** Problem details **
Within the data that follows, set down exactly the lines from the one containing "HONDA CIVIC 2018 - 19XFC2F78JE033807" through the one containing "6820 Ravenna Ave Ne - Photo 6 of 8", both ends included.

** Data extracts **
····················

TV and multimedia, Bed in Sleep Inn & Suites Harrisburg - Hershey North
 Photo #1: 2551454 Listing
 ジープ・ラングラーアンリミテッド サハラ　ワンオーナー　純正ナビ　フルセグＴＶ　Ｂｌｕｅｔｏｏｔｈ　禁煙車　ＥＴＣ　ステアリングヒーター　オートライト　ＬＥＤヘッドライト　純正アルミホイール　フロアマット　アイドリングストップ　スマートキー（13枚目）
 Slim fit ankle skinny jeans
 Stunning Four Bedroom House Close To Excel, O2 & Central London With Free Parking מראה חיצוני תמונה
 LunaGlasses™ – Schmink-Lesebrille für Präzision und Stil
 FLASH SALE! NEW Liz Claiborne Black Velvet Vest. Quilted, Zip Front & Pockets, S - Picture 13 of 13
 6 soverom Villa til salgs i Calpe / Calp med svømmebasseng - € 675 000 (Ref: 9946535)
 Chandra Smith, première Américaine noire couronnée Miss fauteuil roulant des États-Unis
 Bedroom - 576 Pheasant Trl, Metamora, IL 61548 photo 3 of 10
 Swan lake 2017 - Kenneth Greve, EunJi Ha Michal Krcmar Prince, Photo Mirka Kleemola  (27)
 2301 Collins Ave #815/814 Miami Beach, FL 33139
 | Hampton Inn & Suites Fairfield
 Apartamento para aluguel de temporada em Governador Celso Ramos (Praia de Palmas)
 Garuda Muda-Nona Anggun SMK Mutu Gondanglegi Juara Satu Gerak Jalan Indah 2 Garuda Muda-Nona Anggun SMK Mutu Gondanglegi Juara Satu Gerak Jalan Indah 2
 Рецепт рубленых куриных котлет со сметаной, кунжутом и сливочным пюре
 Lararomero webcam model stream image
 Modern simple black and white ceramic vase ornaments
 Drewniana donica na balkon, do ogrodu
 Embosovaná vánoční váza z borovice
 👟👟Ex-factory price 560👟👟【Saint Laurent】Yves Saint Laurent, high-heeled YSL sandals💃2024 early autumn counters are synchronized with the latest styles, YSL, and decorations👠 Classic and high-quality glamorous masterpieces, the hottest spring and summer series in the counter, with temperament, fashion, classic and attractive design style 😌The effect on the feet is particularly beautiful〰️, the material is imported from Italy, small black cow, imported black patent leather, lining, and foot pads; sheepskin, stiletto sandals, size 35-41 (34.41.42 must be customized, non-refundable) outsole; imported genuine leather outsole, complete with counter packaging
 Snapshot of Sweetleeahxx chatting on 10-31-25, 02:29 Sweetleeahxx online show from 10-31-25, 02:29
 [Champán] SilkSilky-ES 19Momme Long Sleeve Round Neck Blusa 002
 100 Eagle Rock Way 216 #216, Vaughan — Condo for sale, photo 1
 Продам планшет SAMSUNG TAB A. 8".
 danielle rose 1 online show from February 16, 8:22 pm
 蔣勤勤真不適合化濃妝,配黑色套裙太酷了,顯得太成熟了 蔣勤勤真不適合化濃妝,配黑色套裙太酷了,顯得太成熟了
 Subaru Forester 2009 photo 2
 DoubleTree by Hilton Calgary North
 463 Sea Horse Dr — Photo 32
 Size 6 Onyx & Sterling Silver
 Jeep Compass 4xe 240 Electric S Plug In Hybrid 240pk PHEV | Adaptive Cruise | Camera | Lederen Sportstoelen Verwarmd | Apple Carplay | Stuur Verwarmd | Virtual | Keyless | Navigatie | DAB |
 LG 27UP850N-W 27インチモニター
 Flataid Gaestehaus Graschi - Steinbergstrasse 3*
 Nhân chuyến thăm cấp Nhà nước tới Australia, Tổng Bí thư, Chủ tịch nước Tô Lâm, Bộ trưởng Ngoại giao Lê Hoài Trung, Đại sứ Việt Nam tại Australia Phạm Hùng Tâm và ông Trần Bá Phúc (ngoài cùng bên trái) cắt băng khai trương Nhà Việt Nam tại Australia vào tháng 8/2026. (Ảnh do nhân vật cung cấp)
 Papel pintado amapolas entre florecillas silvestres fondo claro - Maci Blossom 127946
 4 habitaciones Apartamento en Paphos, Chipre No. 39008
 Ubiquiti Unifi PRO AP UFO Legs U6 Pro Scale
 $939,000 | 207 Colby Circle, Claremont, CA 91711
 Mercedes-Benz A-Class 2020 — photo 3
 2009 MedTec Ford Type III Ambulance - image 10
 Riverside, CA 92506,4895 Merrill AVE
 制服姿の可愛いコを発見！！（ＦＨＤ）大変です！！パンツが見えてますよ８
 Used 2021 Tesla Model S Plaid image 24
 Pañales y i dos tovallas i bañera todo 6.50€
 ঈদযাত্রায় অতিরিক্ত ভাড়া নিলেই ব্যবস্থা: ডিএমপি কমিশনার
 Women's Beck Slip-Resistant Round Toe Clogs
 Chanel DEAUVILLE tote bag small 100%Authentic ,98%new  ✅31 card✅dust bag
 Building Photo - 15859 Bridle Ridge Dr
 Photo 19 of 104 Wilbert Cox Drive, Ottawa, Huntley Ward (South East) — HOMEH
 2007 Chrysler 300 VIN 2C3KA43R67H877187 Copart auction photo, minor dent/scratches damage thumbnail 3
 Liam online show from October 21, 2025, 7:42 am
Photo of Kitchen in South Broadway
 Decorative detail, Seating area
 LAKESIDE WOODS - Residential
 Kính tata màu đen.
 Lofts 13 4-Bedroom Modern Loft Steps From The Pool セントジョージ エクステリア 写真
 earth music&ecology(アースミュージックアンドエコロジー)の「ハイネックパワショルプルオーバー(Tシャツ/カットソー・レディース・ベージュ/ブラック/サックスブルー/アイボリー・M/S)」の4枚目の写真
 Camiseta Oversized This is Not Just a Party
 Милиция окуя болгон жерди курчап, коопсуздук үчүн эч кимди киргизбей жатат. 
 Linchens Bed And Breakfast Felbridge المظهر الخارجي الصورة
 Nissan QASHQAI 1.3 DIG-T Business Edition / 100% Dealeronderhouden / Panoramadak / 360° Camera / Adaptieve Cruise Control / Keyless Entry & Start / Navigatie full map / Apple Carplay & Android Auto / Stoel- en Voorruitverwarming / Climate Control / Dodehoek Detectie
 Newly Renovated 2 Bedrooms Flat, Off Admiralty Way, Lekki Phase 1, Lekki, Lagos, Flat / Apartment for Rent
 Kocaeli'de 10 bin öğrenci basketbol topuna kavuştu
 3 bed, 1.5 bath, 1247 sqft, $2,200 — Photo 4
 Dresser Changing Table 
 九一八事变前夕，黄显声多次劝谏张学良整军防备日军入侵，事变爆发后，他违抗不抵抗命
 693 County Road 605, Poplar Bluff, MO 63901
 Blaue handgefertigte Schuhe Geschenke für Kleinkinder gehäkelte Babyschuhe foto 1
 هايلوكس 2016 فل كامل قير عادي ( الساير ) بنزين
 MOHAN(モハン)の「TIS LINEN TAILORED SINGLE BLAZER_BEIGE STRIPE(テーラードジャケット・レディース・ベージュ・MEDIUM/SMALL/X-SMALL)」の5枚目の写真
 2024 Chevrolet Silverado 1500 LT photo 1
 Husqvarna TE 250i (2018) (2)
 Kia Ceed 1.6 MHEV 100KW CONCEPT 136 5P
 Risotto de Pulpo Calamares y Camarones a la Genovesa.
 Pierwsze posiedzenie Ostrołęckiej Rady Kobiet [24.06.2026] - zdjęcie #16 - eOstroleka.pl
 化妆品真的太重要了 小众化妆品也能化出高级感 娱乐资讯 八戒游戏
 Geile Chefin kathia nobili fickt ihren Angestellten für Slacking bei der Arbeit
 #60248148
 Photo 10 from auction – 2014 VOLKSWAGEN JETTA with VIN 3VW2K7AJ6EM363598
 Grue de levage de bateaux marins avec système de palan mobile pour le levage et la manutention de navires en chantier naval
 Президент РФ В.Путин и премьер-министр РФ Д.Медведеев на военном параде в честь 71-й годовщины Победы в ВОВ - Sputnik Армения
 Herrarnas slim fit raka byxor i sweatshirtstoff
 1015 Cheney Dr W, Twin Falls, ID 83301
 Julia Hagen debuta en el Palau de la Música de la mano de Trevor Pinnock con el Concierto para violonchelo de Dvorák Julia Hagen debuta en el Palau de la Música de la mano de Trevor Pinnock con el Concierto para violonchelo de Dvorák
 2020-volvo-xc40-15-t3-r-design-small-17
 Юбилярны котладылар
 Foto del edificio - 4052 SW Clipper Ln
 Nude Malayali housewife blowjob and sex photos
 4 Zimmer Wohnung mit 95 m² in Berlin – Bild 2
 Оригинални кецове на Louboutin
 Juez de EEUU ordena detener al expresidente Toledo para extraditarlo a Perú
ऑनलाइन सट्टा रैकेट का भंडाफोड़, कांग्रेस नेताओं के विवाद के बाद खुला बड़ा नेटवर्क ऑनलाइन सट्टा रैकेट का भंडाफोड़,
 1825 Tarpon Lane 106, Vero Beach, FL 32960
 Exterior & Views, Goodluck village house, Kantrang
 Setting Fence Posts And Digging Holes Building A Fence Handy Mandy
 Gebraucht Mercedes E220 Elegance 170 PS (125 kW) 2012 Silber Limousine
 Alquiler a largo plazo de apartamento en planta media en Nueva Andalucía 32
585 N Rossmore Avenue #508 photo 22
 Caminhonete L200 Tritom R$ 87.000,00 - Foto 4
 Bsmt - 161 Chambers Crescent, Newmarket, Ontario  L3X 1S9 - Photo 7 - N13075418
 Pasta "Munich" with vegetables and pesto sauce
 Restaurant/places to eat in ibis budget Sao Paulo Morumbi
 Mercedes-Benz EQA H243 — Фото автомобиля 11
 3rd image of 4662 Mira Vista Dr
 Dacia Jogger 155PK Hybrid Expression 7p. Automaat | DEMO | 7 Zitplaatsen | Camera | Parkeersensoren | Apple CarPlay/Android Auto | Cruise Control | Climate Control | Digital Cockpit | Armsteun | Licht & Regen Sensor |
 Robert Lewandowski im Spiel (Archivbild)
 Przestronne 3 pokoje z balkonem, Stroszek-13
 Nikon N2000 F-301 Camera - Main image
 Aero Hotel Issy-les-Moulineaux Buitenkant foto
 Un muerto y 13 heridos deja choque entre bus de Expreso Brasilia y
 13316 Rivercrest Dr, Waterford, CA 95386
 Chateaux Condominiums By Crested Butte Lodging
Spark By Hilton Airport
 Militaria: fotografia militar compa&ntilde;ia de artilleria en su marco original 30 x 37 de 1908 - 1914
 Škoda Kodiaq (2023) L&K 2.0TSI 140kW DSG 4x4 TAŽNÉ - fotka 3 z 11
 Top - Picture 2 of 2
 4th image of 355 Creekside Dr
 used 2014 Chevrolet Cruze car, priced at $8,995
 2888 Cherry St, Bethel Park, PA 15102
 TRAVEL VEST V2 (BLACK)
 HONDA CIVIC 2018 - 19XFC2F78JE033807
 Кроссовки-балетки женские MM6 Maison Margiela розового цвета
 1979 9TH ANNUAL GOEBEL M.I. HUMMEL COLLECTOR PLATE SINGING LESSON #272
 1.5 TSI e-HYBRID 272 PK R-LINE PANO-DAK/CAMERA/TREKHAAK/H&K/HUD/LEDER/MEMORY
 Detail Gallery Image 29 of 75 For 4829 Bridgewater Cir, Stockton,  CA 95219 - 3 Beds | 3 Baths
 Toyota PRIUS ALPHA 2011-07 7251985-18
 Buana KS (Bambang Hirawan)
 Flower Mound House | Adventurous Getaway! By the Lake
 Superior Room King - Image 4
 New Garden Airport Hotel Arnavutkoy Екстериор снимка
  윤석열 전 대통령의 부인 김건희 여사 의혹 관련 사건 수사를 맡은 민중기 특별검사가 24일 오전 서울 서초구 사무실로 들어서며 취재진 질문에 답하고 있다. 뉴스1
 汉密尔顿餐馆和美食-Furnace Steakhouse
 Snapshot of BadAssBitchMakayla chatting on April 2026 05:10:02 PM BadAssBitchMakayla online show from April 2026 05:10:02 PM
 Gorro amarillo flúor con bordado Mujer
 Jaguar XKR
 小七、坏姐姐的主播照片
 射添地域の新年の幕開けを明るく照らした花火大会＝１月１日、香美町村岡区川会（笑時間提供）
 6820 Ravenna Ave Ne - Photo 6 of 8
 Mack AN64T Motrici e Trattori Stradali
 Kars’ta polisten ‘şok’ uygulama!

····················

** Response to the task **
 HONDA CIVIC 2018 - 19XFC2F78JE033807
 Кроссовки-балетки женские MM6 Maison Margiela розового цвета
 1979 9TH ANNUAL GOEBEL M.I. HUMMEL COLLECTOR PLATE SINGING LESSON #272
 1.5 TSI e-HYBRID 272 PK R-LINE PANO-DAK/CAMERA/TREKHAAK/H&K/HUD/LEDER/MEMORY
 Detail Gallery Image 29 of 75 For 4829 Bridgewater Cir, Stockton,  CA 95219 - 3 Beds | 3 Baths
 Toyota PRIUS ALPHA 2011-07 7251985-18
 Buana KS (Bambang Hirawan)
 Flower Mound House | Adventurous Getaway! By the Lake
 Superior Room King - Image 4
 New Garden Airport Hotel Arnavutkoy Екстериор снимка
  윤석열 전 대통령의 부인 김건희 여사 의혹 관련 사건 수사를 맡은 민중기 특별검사가 24일 오전 서울 서초구 사무실로 들어서며 취재진 질문에 답하고 있다. 뉴스1
 汉密尔顿餐馆和美食-Furnace Steakhouse
 Snapshot of BadAssBitchMakayla chatting on April 2026 05:10:02 PM BadAssBitchMakayla online show from April 2026 05:10:02 PM
 Gorro amarillo flúor con bordado Mujer
 Jaguar XKR
 小七、坏姐姐的主播照片
 射添地域の新年の幕開けを明るく照らした花火大会＝１月１日、香美町村岡区川会（笑時間提供）
 6820 Ravenna Ave Ne - Photo 6 of 8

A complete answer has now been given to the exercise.